[Date Prev] [Date Next] [Thread Prev] [Thread Next] [Date Index] [Thread Index]

Message 00371: Re: a couple of questions

On Oct 20, 2008, at 5:27 PM, Aaron Swartz wrote:

 the data's a real mess -

That's ultimately my biggest defense in all of this. But, I'm still *really* nervous when I hear the Superintendent of Documents talk about "security breach" and "investigation."

In terms of the data being a mess, I'm thinking of doing a disallow on google in my robots.txt on this or maybe even just releasing really big tarballs ... I'm positive should be public, but I'm not necessarily convinced this stuff deserves to go live on random google searches until more volunteers have done more scrubbing. There is some really bad crap I caught, which means there is a whole bunch I didn't catch.

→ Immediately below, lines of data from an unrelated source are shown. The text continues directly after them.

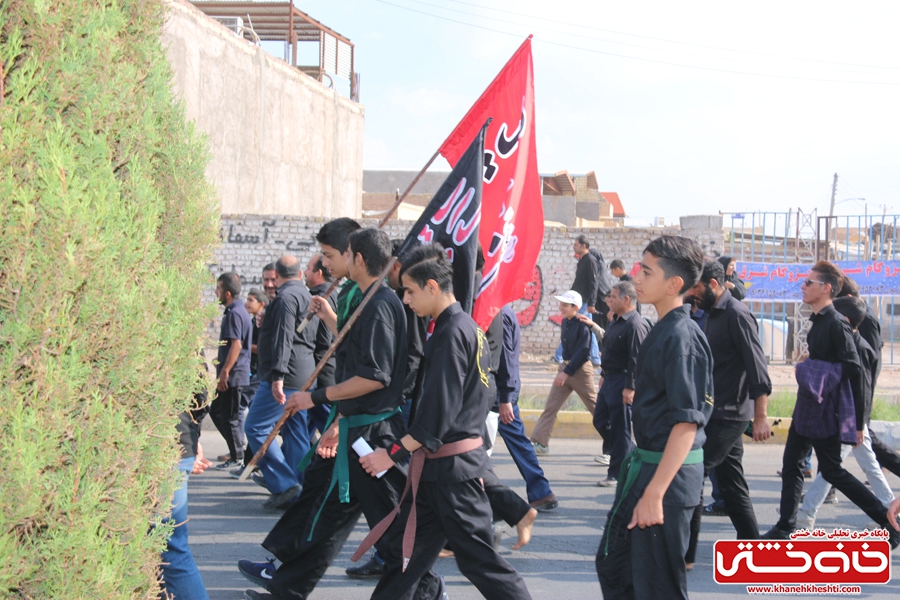 پیاده روی اربعین حسینی با حضور کاروان رهپویان کربلا در رفسنجان صبح امروز همراه با راهپیمایان سراسر کشور 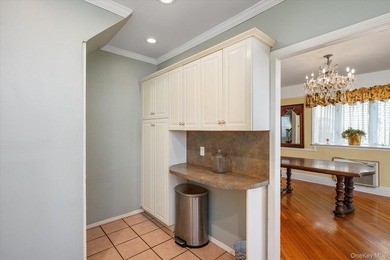 Beautifully Maintained 4-Bedroom Colonial Offering The Perfect - photo 14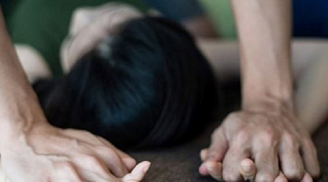 Bé gái 15 tuổi bị nam thanh niên dụ dỗ làm chuyện người lớn dẫn đến có thai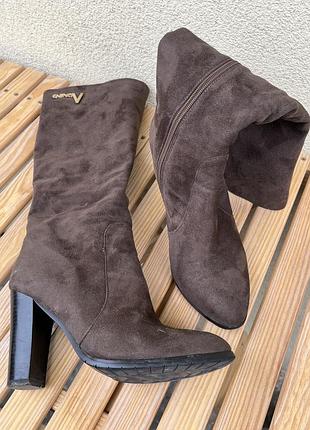 Чоботи жіночі зі штучної замші розмір 37 коричневого кольору в хорошому стані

It really sucks of course that all the commercial guys don't care and have all this live, but our biggest defense (again) is that we actually care. My letter to Rosenthal will point out very clearly that her computer people and the commercial boys never told her any of this stuff nor did they redact the data ... by making the data public, ironically, we protect privacy much better.

What do you think if the initial release consists of:

1. scribd of all my letters to the judicial conference (with all the private information like the lists of hits and even the case numbers with hits redacted, of course)
2. a bunch of 50gbyte or so tarballs.

That lets us get the data out but not have to be in the end user business.

We should realize that if we put even just big tarballs, there will be some jerks that take all the data and slap google adwords on it and will not care if, for example, some really bad document is found and needs to be redacted.